Rasheed Araeen described the work of renowned Pakistani contemporary artist Imran Mir as an “attempt to create a world that is not entirely reflective but contemplative”.
His work was geometric, non-figurative, and non-representational, and creates a space where seeing is not immediately converted into recognition.
I have many of his pieces saved on my computer and I look at them often, thinking about how perspective shapes so much of our experience of the world. I have found myself returning to this idea of contemplative world-making, where attention itself becomes a practice that resists immediate resolution. This also aligns with Susan Sontag’s argument in “Against Interpretation”, where she suggests that interpretation can sometimes flatten the encounter with form rather than deepen it.

This idea of resisting immediate resolution is also what I encountered in my undergraduate studies in comparative literature. The close reading practices I developed there now feel continuous with the kinds of interpretive work I find myself doing in infrastructure studies, where one is constantly reading systems as texts, and texts as systems. This methodological overlap is something that also appears in the work of Franco Moretti, particularly his notion of “distant reading”, which shifts attention from individual texts to patterns across large literary systems. Both approaches require attention to relational meaning rather than isolated elements.
Amitav Ghosh’s The Great Derangement is one of the texts that made this connection most explicit for me. The book is dedicated to interrogating the stories we tell ourselves about climate change, and why these narratives are not more widely discussed outside of technical or climate sectors.

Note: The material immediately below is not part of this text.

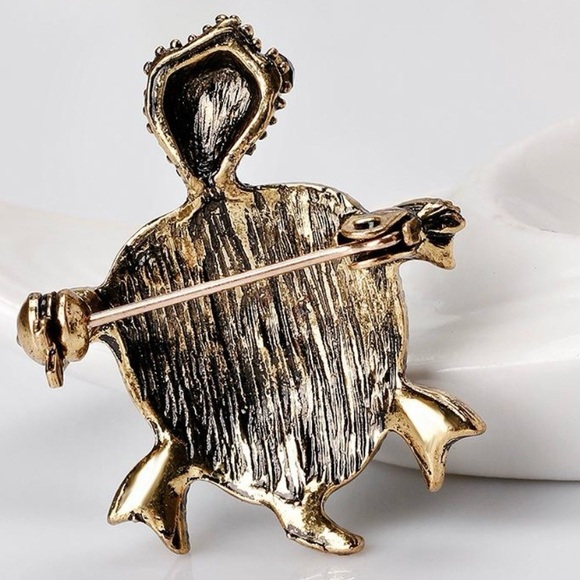 Blue, Green, & Gold, Crystal & Rhinestone Sea Turtle Brooch Pin - Picture 4 of 4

Ghosh approaches the topic as a writer, and breaks down the “derangement” of ignoring climate change with a deep awareness of the western canon. What makes the work compelling is not only its argument, but its form, where narrative becomes a method of revealing the limits of what dominant frameworks can accommodate. This also resonates with Lauren Berlant’s work on “cruel optimism”, where attachment to existing narrative structures can persist even when they no longer serve lived conditions.

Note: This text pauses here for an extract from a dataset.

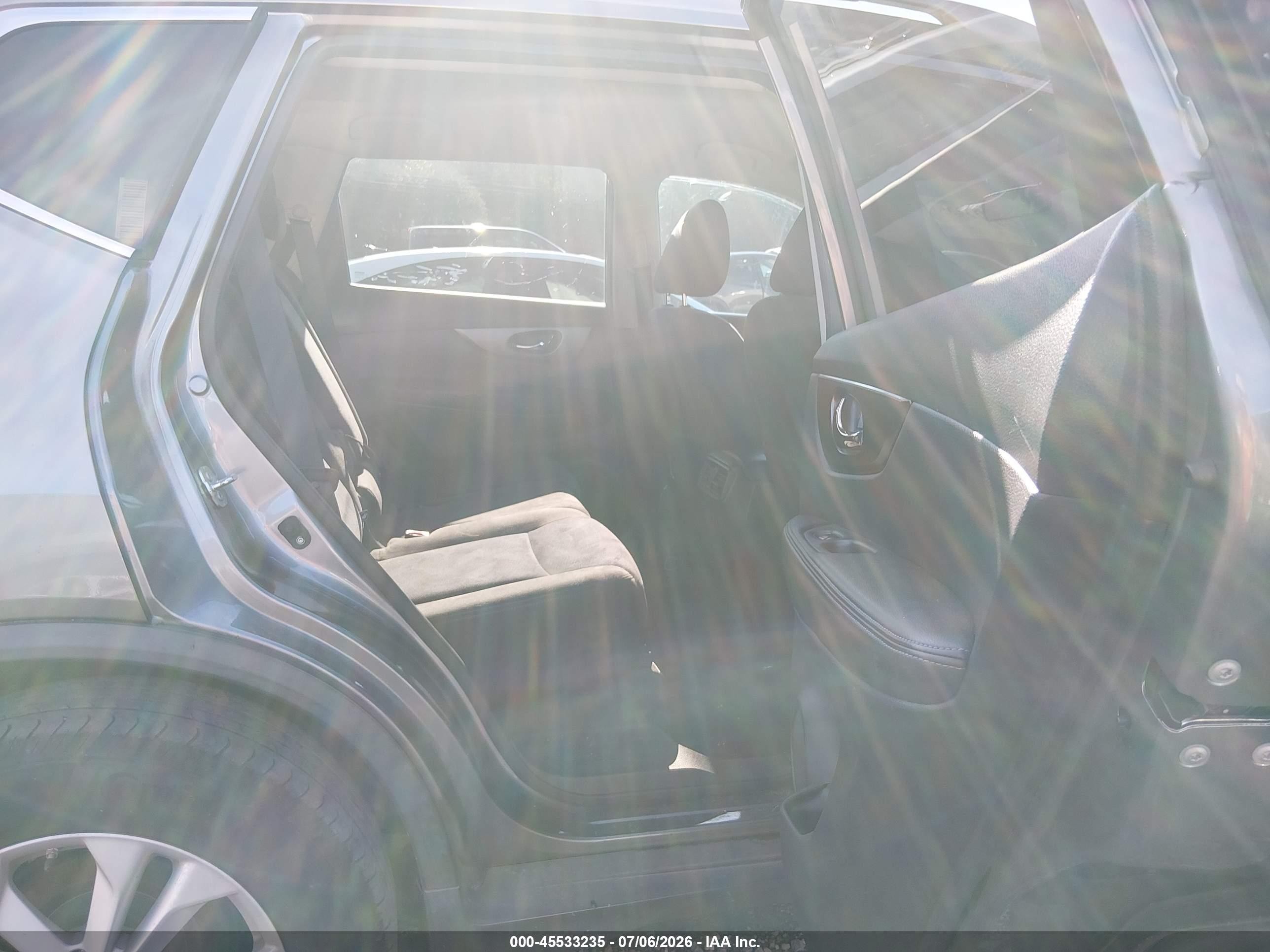 2015 Nissan Rogue Sv Gray vin: KNMAT2MT1FP582430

In this sense, Ghosh and Mir are not unrelated references in my thinking, but part of the same conceptual thread. In Mir’s work, there is no insistence on representation as explanation. In Ghosh’s writing, there is a similar refusal to let narrative remain purely descriptive or neutral. In both cases, form becomes a way of exposing what otherwise remains structurally unseen.

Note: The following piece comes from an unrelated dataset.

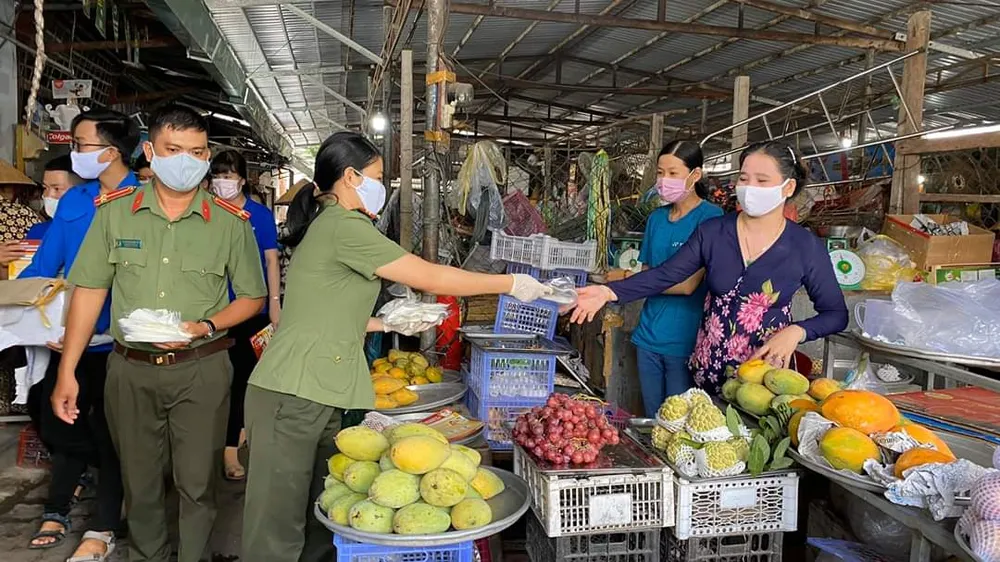 Những “ánh đèn đêm” cùng người dân vượt qua mùa dịch Covid-19 ảnh 4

When I bring these threads together, what I am circling is a definition of artistic intelligence that does not sit inside art practice alone.
Instead, it appears wherever there is a need to work across incompatible systems of meaning without forcing premature coherence. It is present in how urban projects are assembled across disciplines, in how infrastructure is read as narrative, and in how stories shape what becomes thinkable as a solution.
What I continue to return to is that artistic intelligence is not a separate domain of expertise. It is a mode of working with incompleteness. It allows for multiple forms of knowledge to remain active at once, without forcing them into a single explanatory frame. In that sense, it is as much about reading as it is about making, and as much about interpretation as it is about design.
And if this remains unfinished, it is because I do not experience it as a settled concept. It is something I recognize in practice before I can fully define it in theory, and something that continues to shift as I move between research, reading, and work.